Attorney General dismissed warnings that Iraqi claims of murder were false as he worked on case against soldiers Daily Telegraph 22/04/26 Lord Hermer pursued a notorious “witch hunt” against British troops despite being warned that the allegations were lies, The Telegraph can disclose.
An investigation by this newspaper can reveal the Attorney General’s leading role in the Al-Sweady scandal, which left decorated war heroes facing false accusations of murder and torture for more than a decade. Emails and legal documents show that Sir Keir Starmer’s closest Cabinet ally acted as lead counsel in civil claims against the Ministry of Defence (MoD) and pressed for lucrative compensation despite mounting evidence that his eight Iraqi clients were “on the make”. The Attorney General later insisted that it made no difference whether his clients were “a saint or a member of al-Qaeda” while suing British troops under human rights laws. One leading lawyer has now called for Lord Hermer to face a misconduct investigation over his part in the scandal, while a former head of the Army said his role was tantamount to “treason”. The compensation case centred on claims brought by Iraqis who alleged that British troops had tortured and executed civilians after the Battle of Danny Boy in southern Iraq in 2004. But after years of investigations, the £31m Al-Sweady public inquiry ruled that the allegations were “deliberate lies” driven by “ingrained hostility” towards the British Army. Lord Hermer’s clients had claimed to be innocent farmers and labourers, but they were instead revealed to be members of the Mahdi Army – an Islamist insurgent group backed by Iran’s hardline Islamic Revolutionary Guard Corps.

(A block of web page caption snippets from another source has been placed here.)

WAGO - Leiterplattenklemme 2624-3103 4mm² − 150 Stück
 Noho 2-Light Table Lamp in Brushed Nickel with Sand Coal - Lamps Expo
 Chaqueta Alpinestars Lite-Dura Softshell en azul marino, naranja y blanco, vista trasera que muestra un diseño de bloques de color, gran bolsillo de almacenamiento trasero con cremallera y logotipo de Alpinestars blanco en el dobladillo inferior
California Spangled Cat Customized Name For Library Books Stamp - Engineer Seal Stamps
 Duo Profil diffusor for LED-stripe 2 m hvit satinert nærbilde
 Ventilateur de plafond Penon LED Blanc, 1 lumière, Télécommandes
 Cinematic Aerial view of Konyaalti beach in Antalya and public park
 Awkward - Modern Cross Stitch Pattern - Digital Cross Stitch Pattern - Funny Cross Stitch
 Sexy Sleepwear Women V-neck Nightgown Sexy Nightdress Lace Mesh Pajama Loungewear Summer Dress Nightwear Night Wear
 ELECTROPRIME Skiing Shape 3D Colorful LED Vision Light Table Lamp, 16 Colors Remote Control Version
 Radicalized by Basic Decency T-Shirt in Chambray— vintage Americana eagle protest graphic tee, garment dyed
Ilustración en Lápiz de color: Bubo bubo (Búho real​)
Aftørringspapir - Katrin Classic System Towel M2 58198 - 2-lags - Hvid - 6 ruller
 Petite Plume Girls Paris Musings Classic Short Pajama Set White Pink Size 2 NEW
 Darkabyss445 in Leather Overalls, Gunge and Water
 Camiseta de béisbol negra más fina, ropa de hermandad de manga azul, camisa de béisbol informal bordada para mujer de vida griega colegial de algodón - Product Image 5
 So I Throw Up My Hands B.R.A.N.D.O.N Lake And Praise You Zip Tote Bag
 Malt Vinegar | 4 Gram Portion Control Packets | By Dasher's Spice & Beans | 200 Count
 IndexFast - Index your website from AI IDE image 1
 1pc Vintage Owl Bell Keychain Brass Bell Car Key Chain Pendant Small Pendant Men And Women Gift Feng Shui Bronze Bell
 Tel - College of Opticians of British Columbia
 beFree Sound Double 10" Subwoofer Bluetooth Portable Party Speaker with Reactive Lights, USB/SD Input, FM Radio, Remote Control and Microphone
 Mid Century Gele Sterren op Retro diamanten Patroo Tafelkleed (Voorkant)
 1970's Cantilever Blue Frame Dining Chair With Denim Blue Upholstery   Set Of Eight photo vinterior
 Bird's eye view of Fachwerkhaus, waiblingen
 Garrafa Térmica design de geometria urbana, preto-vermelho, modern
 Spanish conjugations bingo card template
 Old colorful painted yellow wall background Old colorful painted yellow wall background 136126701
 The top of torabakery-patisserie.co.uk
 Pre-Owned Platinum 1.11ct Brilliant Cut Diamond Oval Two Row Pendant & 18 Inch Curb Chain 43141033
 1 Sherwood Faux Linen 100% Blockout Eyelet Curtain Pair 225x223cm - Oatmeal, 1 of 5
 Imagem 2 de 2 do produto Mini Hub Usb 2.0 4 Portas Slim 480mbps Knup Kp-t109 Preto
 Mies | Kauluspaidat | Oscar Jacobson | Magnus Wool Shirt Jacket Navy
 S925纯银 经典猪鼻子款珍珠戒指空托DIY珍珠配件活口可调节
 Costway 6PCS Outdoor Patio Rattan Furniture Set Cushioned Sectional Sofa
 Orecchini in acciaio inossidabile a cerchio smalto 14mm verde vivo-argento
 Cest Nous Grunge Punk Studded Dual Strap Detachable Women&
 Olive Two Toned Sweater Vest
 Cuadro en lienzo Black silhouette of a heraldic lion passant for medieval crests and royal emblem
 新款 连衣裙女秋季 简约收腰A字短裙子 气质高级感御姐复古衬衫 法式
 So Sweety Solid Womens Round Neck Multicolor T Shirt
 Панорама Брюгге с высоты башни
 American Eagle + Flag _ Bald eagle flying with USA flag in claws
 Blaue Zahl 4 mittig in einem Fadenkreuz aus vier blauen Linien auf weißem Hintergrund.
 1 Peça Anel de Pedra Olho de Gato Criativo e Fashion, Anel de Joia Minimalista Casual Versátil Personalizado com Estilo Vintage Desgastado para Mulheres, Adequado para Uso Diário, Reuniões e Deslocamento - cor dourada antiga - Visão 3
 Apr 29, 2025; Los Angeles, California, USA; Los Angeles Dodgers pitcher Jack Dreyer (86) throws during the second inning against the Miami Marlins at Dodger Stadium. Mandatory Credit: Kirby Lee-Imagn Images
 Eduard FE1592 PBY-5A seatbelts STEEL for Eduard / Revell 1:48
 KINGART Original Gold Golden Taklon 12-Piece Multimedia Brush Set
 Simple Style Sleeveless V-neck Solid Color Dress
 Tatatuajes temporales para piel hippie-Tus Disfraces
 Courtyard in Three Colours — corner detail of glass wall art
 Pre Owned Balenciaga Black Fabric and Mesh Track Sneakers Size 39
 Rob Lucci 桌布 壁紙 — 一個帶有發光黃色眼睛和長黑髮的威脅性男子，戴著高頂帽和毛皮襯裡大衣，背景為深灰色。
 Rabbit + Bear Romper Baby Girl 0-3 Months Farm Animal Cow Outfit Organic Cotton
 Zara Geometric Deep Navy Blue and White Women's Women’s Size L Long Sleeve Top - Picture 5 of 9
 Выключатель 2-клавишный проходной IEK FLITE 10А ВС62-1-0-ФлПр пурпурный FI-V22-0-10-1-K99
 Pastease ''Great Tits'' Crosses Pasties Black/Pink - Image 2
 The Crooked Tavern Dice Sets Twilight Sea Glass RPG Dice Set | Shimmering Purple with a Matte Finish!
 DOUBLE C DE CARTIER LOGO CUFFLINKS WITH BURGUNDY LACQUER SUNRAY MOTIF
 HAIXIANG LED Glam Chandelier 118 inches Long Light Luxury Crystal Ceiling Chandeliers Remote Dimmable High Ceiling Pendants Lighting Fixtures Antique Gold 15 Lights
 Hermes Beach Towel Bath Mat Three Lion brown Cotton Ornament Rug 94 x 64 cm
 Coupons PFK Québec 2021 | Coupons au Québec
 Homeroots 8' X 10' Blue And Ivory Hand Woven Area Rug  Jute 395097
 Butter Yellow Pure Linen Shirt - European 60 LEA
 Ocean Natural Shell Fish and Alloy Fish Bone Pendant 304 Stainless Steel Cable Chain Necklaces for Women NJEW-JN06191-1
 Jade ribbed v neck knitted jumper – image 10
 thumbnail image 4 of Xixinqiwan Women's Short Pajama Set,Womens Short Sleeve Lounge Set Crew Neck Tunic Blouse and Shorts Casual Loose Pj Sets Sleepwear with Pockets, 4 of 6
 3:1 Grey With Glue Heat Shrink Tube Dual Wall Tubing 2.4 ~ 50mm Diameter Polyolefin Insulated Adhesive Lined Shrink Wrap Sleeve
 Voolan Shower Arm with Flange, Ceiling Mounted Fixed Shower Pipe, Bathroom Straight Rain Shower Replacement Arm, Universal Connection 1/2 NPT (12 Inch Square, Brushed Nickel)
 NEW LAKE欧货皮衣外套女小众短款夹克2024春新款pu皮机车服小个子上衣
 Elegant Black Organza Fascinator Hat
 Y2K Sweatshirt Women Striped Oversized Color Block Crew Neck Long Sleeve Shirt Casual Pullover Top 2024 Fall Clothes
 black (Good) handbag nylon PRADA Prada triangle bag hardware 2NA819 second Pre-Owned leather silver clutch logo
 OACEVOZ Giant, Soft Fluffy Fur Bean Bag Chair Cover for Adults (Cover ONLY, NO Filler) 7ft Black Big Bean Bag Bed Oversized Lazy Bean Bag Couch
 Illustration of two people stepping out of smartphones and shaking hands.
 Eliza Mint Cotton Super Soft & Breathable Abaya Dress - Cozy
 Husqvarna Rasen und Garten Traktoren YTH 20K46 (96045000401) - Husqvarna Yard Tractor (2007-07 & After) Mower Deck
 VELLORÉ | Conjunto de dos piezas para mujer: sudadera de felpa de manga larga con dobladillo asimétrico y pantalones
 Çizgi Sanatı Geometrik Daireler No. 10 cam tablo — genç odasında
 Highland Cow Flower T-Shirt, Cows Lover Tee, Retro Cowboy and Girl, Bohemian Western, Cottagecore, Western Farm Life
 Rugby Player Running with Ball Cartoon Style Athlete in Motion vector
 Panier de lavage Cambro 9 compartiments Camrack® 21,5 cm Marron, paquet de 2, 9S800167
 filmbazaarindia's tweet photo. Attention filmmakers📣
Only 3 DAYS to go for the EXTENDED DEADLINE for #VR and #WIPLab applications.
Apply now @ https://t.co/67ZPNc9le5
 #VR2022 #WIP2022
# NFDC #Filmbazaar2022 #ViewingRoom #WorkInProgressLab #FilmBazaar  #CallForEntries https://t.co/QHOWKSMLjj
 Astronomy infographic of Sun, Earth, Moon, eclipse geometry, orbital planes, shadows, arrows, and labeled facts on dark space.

The British troops were fully exonerated in 2014, and the scandal led to disciplinary investigations into a number of human rights lawyers, including the disgraced solicitor Phil Shiner, who was struck off and later convicted of fraud. The Telegraph has obtained more than 25,000 pages of documents revealing Lord Hermer’s involvement in the case for nearly a decade. Working closely alongside Shiner and leading human rights solicitor Martyn Day, Lord Hermer attempted to secure taxpayer-funded settlements before the Iraqis’ lies could be exposed at the Al-Sweady inquiry. By then, he had already been warned that his clients could be exposed as “on the make” and that their allegations were “nonsense”. Other internal emails show Lord Hermer, then a senior barrister in private practice, advising on how Shiner could “get the big story out there” and “generate sufficient interest” while admitting there needed to be “wriggle room if the killings did not in fact happen”.